Que tu cuerpo fuera verde

brillante pop de los pimientos y los jalapeños

telas mary quant

                        de papayas malangas chirimoyas

Que tu cuerpo floreciera

tuviera olanes en el cuello como lirios

             clámide fragancia de alhelíes zurciera

   y en borbotones

rosetón de llagas abriérase

Que piel y simiente se mezclaran

                       fueran moles fueran caldos

               ardiente estigia donde flotan

         hidrópicos cadáveres de chayotes y setas sílfides.

Que tu cáscara dejara

libres tus nervios y de tus nervios

                           y esa raíz amarga que son tus venas

un dulce zumo a los labios inundara.

Que tus piernas

en odoríferos leños convirtiéranse

en laurel tu cabello en romero tus pestañas

que tus dientes

fueran ajo

    que todo tú achiote fueras

           para convertir nuestra muerte

en maquillaje

                       bello espléndido colorido

cuerpo embadurnado al ocaso

Que te encontraras

          expuesto a las miradas

en estos días de mercado

cuando jóvenes ancianos niños y mujeres

a precaverse acuden de sus muertos

y entre todos con todos

      nos sabemos

Que pudiéramos comerte

Que tus deseos tus pensamientos tus malas ondas

alimentaran nuestros huesos

que algo de ti quedara

flotando en el caldo agrio

               de las esclusas

            Que no murieras.

 

Entre los poetas nacidos en los años setenta me parece que hay varios particularmente destacables.

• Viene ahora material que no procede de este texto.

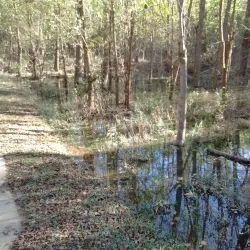 Neuse River Trail - Clayton
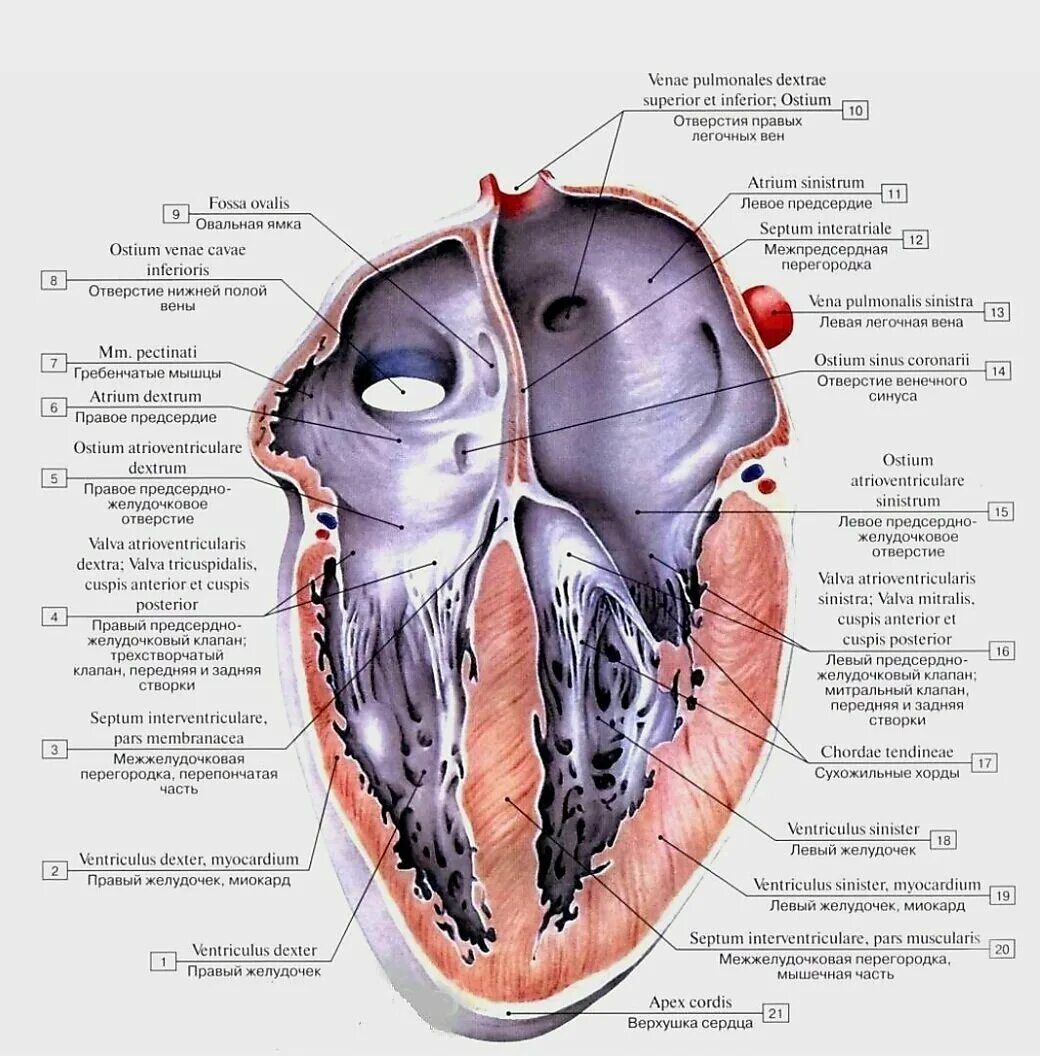 Правое и левое предсердно-желудочковое отверстие. Строение желудочков сердца анатомия. Сердце анатомия строение предсердия желудочки. Правый желудочек сердца анатомия строение.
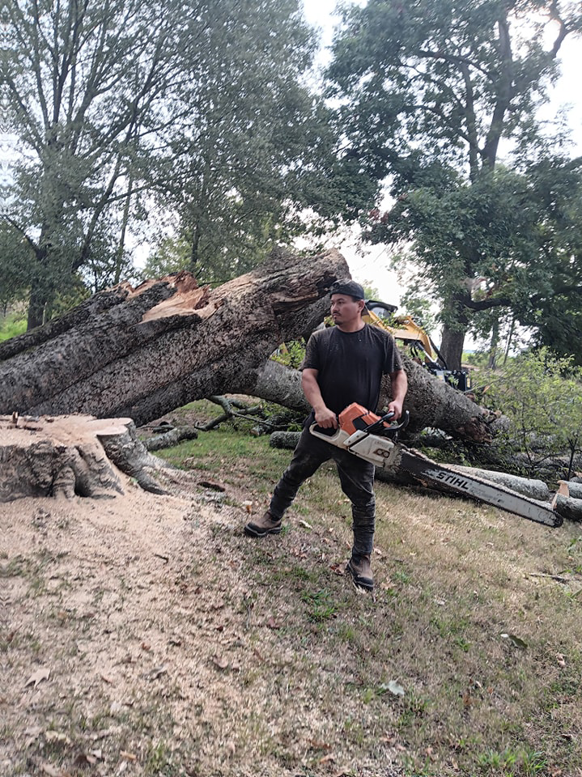 A worker holding a chainsaw next to a large fallen tree and stump, indicating tree removal by Monterroso tree service in Little Rock, AR.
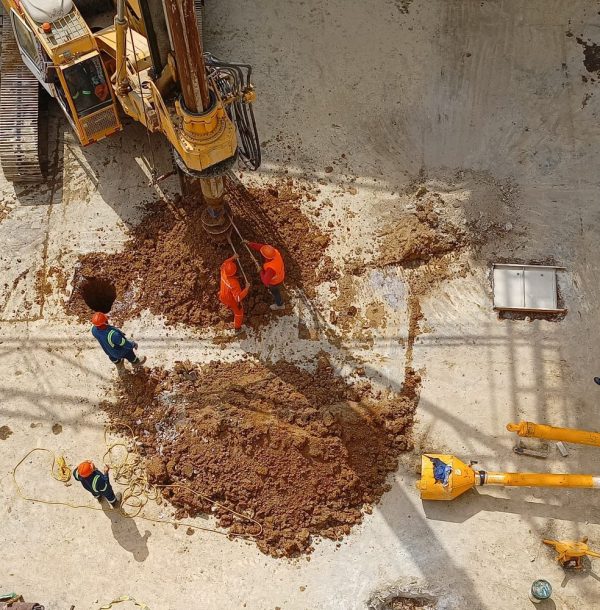 gandara-grupo-pecuario-san-antonio gandara-grupo-pecuario-san-antonio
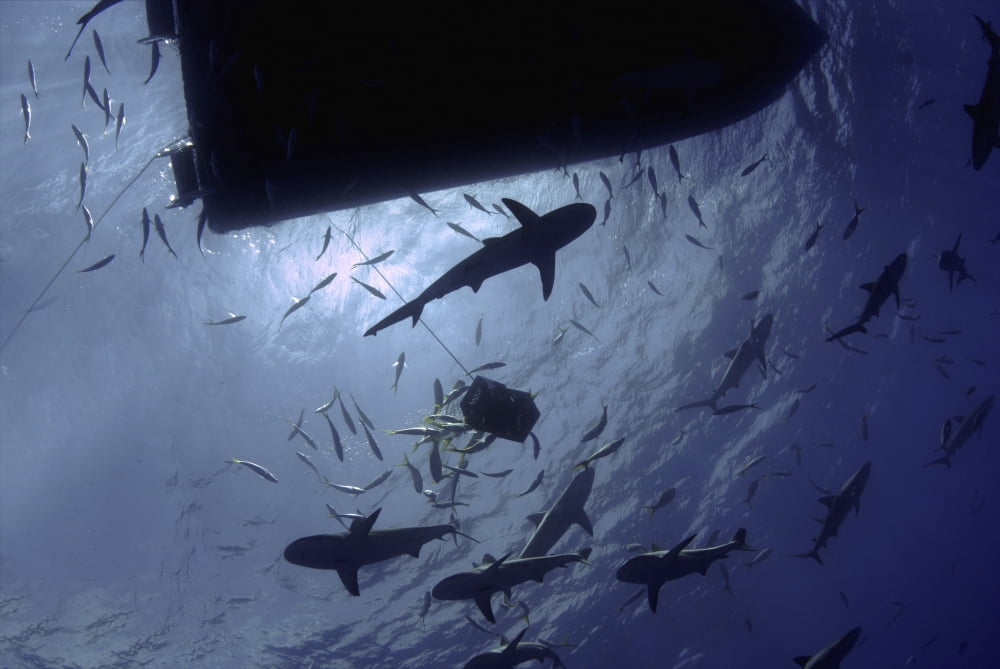 Caribbean reef sharks circling a dive boat Nassau The Bahamas Canvas Art - Amanda NichollsStocktrek Images (34 x 23)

Uno de ellos es Sergio Briceño (1970). Su poesía es sumamente atractiva porque se advierte en ella una pretensión dionisiaca, de embriaguez. En su expresión encontramos un cierto gusto a barroco, una dulzura intrincada, espinosa, que dota al poema de donaire:

 

Crístoris

 

Coronado de púas,

entreabierto y salino,

aguarda como astilla

en la carne,

como alubia de nervios

 

Lo tocas y es guinda

su dolor

 

La punta de tu lengua

lo electriza

aunque al frotarlo

es néctar lo que suda

 

Crucificado allí,

tallado en el relieve

de unos labios

los groseros lo increpan,

le ensartan el acero de una pica

o lo lamen nerviosos

como se lame el dulce o las heridas

 

Trepado en el madero

de los muslos

espera tu saliva

o tu desprecio

 

Es rojo

 

Es mínimo

 

Es el hijo

de Dios.

 

Balam Rodrigo (1974) ha creado un discurso totalmente barroco, un universo verbal que agobia al yo lírico con sus juegos melódicos, sus cambios de ritmo, su música pedregosa, sus contrapuntos. La inventiva léxica, la norma técnica, el empleo del neologismo, nos entregan poemas que efectivamente generan un extrañamiento, condición esencial de la calidad literaria:

 

Rumiar con los belfos prestados de la bestia el hábito lunar que gangrena nuestras horas, nuestro cuerpo despojo de amaranto en la ribera, hierba impasible del que gime y del que verba: Crotalarias bajo mi lengua, hormigas lluvio sobre la ceiba, untada espina la del aire en las heridas que me agrietan.

 

Rogelio Guedea (1974) es uno de los imprescindibles de esta generación.  Uno de sus momentos mejores como poeta es el libro Senos, sones y otros huapanguitos, en donde trabajó de manera muy emotiva el discurso amoroso. Muchos otros registros nutren su obra y recientemente se ha observado en él cierto afán experimental en donde logra lo literario gracias a la celeridad del tempo narrativo, la capacidad sintética del poema y sus posibilidades asociativas:

 

Cerezas

 

para traer su testimonio, trayéndolo como arrastrado

lago sin su mirlo,

y vuelto a nacer crecido en pie con su fulgor,

su mano, su quijada, su pájaro cerrado,

otro palito su cuchara lejos

far away pero silente astro que no ves, pie girando alrededor

del astro,

todo arco para empezar del uno al dos del dos

al casi,

juntura de su aroma, remedando al riachuelo de la virgen santa

del pueblo de José,

que se la comía (a mordiscones): Suchitlán, 1996.

un estanque,

una piedra ciega de su traslación,

una palabra que es y otra

que habita su silencio, junto, agazapadamente/

y entonces

(New Zealand, 2006)

comenzar su ligazón: país, mujer,

trenes puentes vías (sic)

y una ventana: asomándose para medir la distancia

del aire de su pie a su pie,

del vuelo de su ojo a su ojo,

de su mano que escribe pie y ojo a su mano que calla reclinada contra

el viento,

su dama:

su vieja estación sin profecías,

again.

 

Dos poetas de quienes me he ocupado en otros momentos y que sin duda son de lo mejor de la poesía joven de México son Álvaro Solís (1974) y Jair Cortés (1977). Solís, echando mano como en nadie en su generación del verso de largo aliento consigue generar un tono de solemnidad y tristeza digno de atención. Cortés, por su parte, ha alcanzado en su poemario Caza los tonos de mayor tensión articulatoria y mayor violencia lingüística de la generación. Son dos registros básicos de la buena poesía mexicana actual.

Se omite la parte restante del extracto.